その問いを見て、はたと止まってしまいました。

過去にも座右の銘を聞かれたことはあり、そのたびによさそうな言葉を選んで答えていました。しかし、今回改めてその問いに向かい合ってみると、自分の中に座右の銘らしきものが見つからないのです。

もちろん、核となる言葉をもたずにふらふら生きているわけではないのですが、座右の銘を「水戸黄門の印籠」のように、「これが私の大事にしている考え方です」と表現するというのが、どうもぴんときません。

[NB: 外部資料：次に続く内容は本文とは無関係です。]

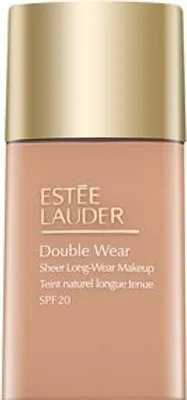 Obrázek produktu pro Double Wear makeup Sheer Long-Wear Makeup SPF20 pro ženy 30 - 3C2 Pebble - Estée Lauder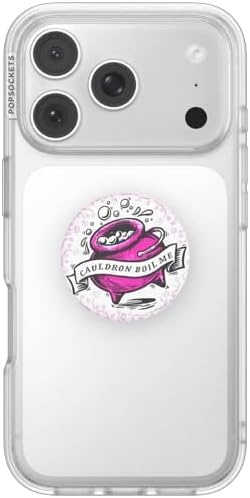 image:imagePopSockets Adhesive Phone Grip Holder Phone Stand Sarah J Mass ACOTAR Cauldron Boil Me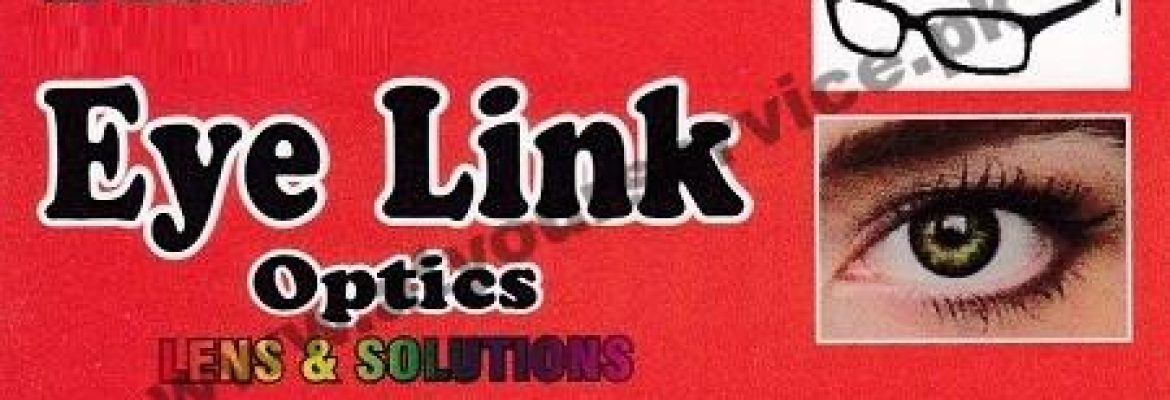 Eye Link Optics – Saleemi Chowk, Satyana Road, Faisalabad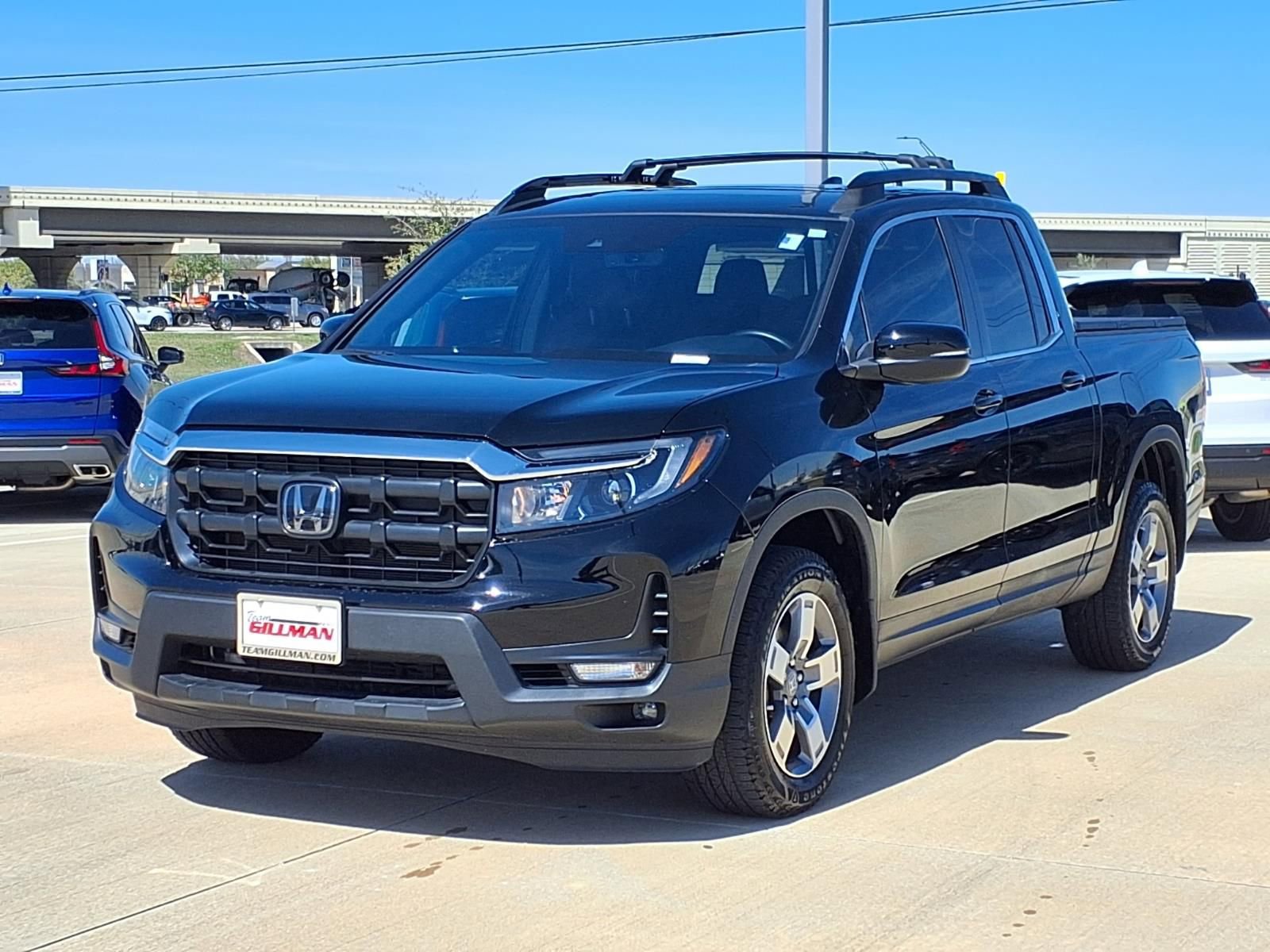 Used 2024 Honda Ridgeline RTL image 4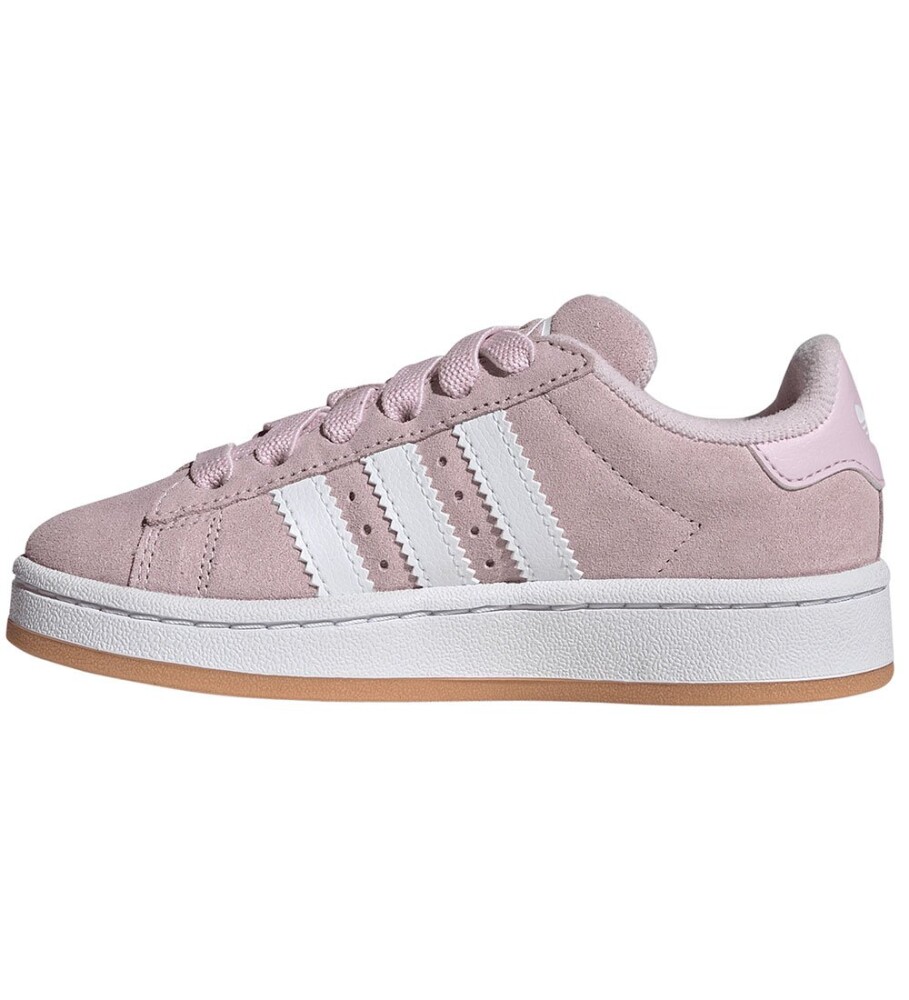 Adidas Originals Joggesko Campus 00s CF EL C Rosa - side a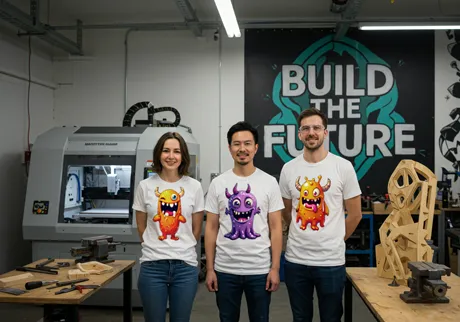 クリエイティブハブ＆メーカースペース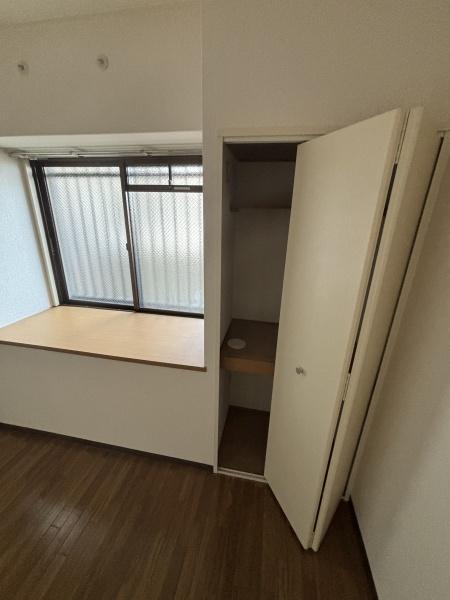 大阪市住吉区苅田5丁目のマンション(収納)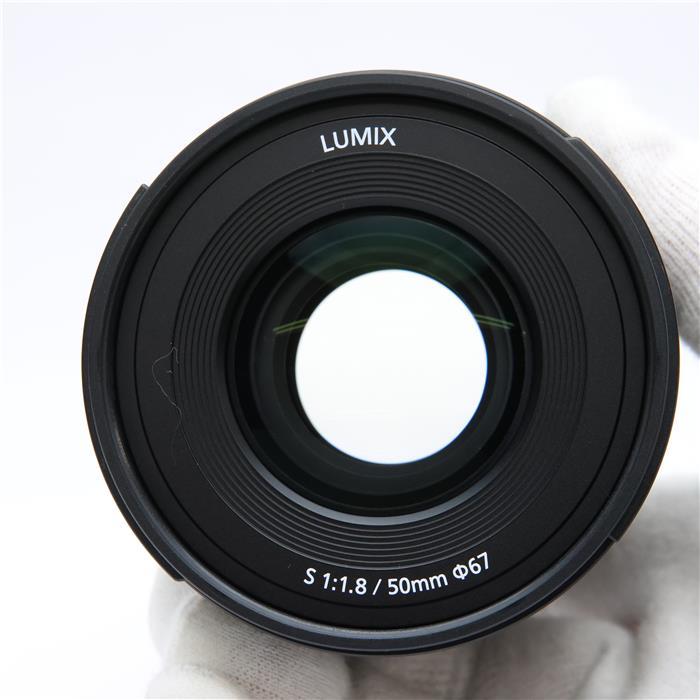 Panasonic（パナソニック） 《良品》Panasonic LUMIX S 50mm F1.8 S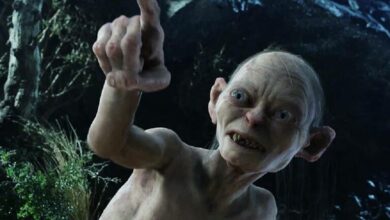 Gollum protagonizará nueva película de ‘El Señor de los Anillos’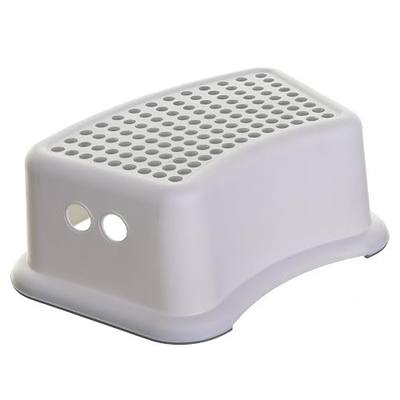 Dreambaby Step Stool for Kids - Non-Slip Base and Contoured Design for Toilet Potty Training and Sink Use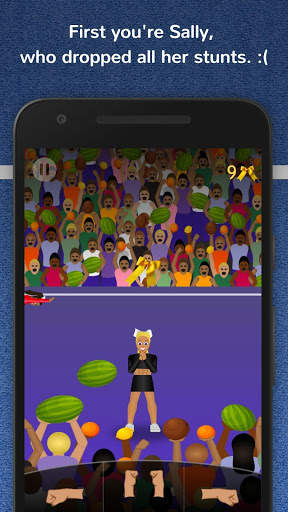 Cheer Fury Cheerleading Game screenshot 4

その理由は、大事にする考え方は変わっていいと思うからです。

座右の銘がないことが座右の銘

たとえば「努力は決して嘘をつかない」という言葉。

そうかもしれない。でも、努力が実を結ばないときも現実にはあるのでは?とも思います。であれば、「努力は決して嘘をつかない」という言葉にこだわると、ちょっと苦しくなってしまうのではないだろうか。

あるいは、「千里の道も一歩から」。

そうかもしれない。でも、時には、千里を一足飛びに飛び越えてしまうようなこともあるのではないだろうか。

どちらの格言も、真理を突いた一言でしょう。でも、それにこだわるのではなく、その逆の見方に対しても寛容でいたい。『座右の銘がない』というのが座右の銘と言えるかもしれません。言い方を変えれば、できるだけ、決まった考え方に囚われることなく、いつも柔軟に、「逆側の視点」も大事にしていたいと思っているということです。

固定化したマインドセットから解き放つ

先日、スイスのダボスで開かれていた世界経済フォーラムの年次大会(ダボス会議)に初めて参加しました。ダボスはスイスのスキーリゾート地です。合計30時間近くをかけて彼の地まで赴き、世界のリーダーたちと一週間を過ごしました。

ダボスで出会う人たちにどんな仕事をしているか聞かれることを想定し、行きの飛行機の中で、エレベータートーク(エレベーターに乗っている間に、自分や仕事についてプレゼンする短いトーク)を準備しました。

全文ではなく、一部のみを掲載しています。